That’s what they teach you in truck driver school also.
No, it doesn’t require pin-point timing. You stall on the tracks when there is no train coming, and you exit before a train comes.
It works the same way taking a date to a horror movie or a roller-coater works. There is the perception of danger, and (it is documted that) people react to emotion without regard to the type of emotion: your date goes on a date with you and experiences an emotional roller-coaster.
Sheesh. I was amused that she didn’t have more insight, but now I’m not surprised.
Sheesh is right. Do none of you male Dopers remember your teenage sense of humor? Girl in the front seat, you intentionally stall your car on the tracks, “oh, no, a train’s coming!” She starts to freak out, you start up the car and drive off laughing, she calls you an asshole. That’s a win, when you’re 16. Teenaged boys are not particularly subtle.
Yes, but why exactly is your car stalling at the exact 10 feet stretch where it’s on the railroad tracks? Why not the other 100 miles you’ve driven today?
Your car stalls how many times a day? On average? Once? Twice? And the time it stalls is exactly when you’re going over the railroad tracks?

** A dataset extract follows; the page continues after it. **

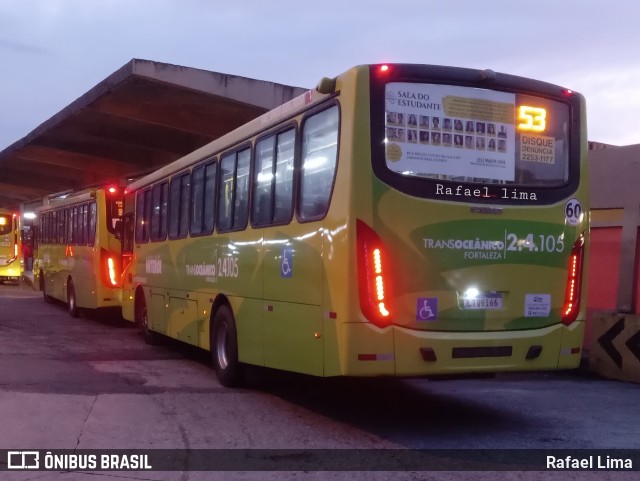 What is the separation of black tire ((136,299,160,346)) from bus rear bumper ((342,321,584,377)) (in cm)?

Even when I drove a manual transmission back in the day I’d stall on average zero times a day.
I’m talking about legit stalling, not a teenager driver being a jackass and doing it on purpose.
It sound to me like you’re just ticked off that your lack of critical thinking skills has been exposed.
When multiple people – many of which used to be teenage boys ourselves — tell you that there’s no sex angle to stalling on the train tracks, you might want to reconsider your opinion.
In the late '70s I had a Ford van “conversion”, i.e. a camping van. All the early production models of that van had a defective ignition controller which unexpectedly and repeatedly stalled the van several times a day, for several minutes each time. It happened to me too, several times - once on the way to work … crossing a railroad track … right in the middle of the track … for several minutes.
Murphy will get you sooner or later but he will get you.